Evidence shows that sharing injecting equipment – a common practice in prison – has been linked to outbreaks of HIV in prisons in Iran, Lithuania, Thailand, the United Kingdom and Ukraine. Globally, the prison population is 7.2 times more likely to be living with HIV that the general community, with 3.2% of prisoners living with HIV, and 15.1% living with hepatitis C. People in prison are also disproportionately vulnerable to overdose, both during their sentence and immediately after their release. Male and female prisoners are 19 and 69 times, respectively, more likely to die from an overdose than the non-prison population.

Finally, according to the joint submission by HRI, Prom-Lex and EPLN, accidental or intentional intoxication is a recurring cause of death in custody. EMCDDA’s report concludes that suicide is the leading cause of death among incarcerated people in Europe, with a considerable proportion of cases linked to drug-related problems. In Ireland and Scotland, drug overdose is a main contributor to deaths in prisons. In the USA overdose is identified as the third leading cause of death in jails. Similarly,  However, due to the lack of official, updated, disaggregated information on deaths in custody for drug use, transparency issues and inadequate death examination policies and practices, it can be difficult to aptly classify intoxication-related deaths as overdoses (accidental) or suicide (intentional) and cases may be under investigated and family’s victims without due remedies. Research by PRI and partners has found that in many countries, data on drug-related deaths in prison is not available (and often not in the community either), with at least 40 countries around the world publishing little or no data globally investigations of deaths in prison remain inadequate and, where investigations do take place, they rarely lead to accountability and reform. In many countries such as Mexico, Japan, France, Portugal, and Turkey, full investigations are usually only triggered in cases of ‘suspicious’ or violent deaths, which rarely result in redress for victims and often exclude any preventive approach.

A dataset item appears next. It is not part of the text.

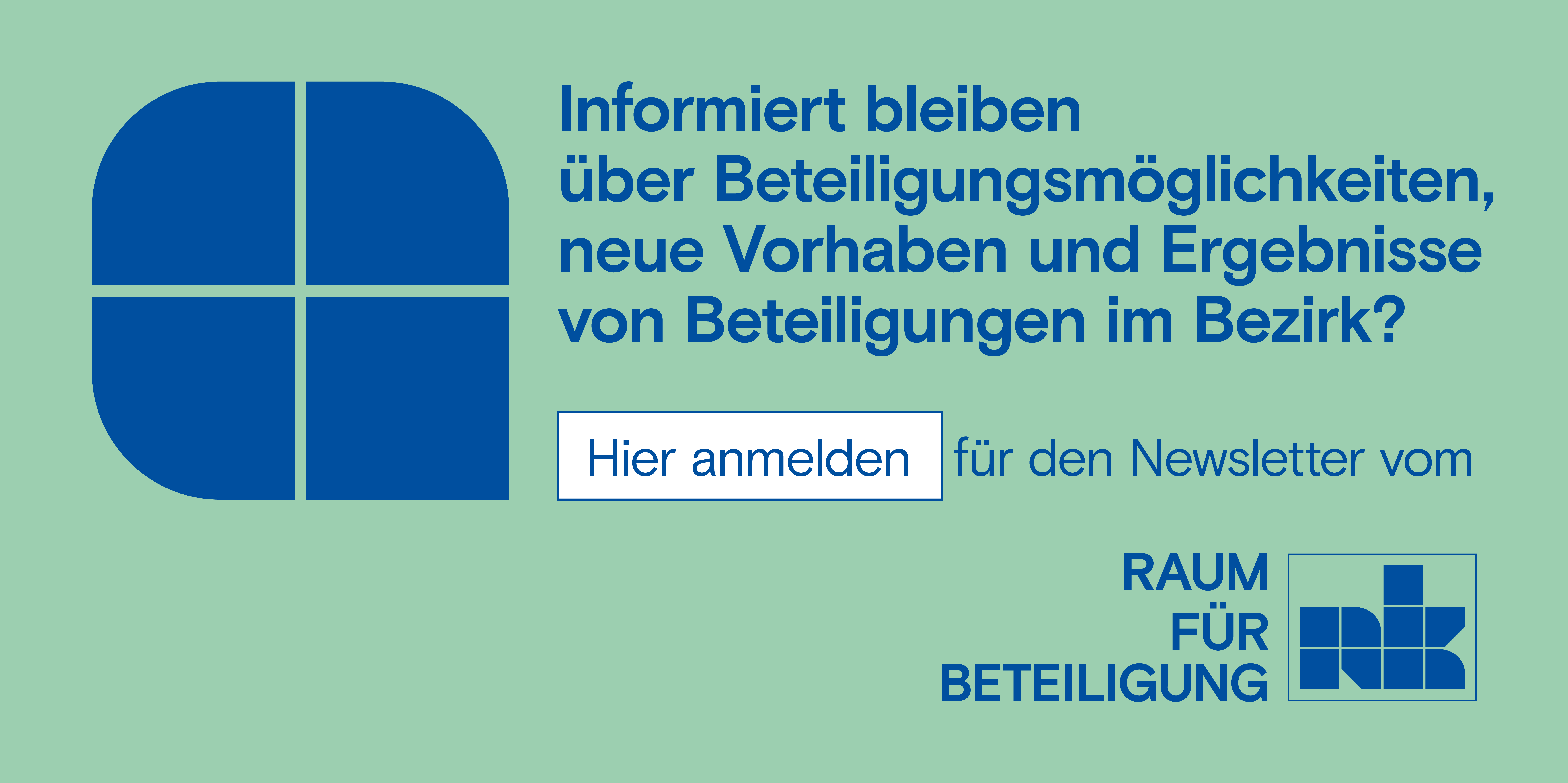 Grafik mit Link zum Newsletter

In line with the information provided through this submission and international standards, we encourage the Special Rapporteur to recommend Member States to:

  1. Decriminalise drug use and apply health and human rights-centred community-based responses to drug use to reduce prison populations and promote the right to health;
  2. Introduce decongestion and early release measures to reduce prison overcrowding;
  3. Ensure drug-related offences are not subject to any blanket restrictions in decongestion and early release mechanisms;
  4. Recognise harm reduction as an essential element of the right to health and incorporate it into prison health programmes and policies;
  5. Ensure that good quality harm reduction services are available, accessible on a voluntary basis for all people in detention;
  6. Ensure that people can continue accessing harm reduction services upon release without discrimination; and
  7. Ensure the same standards of health care that are available in the community and provide access to necessary health-care services to prisoners free of charge without discrimination.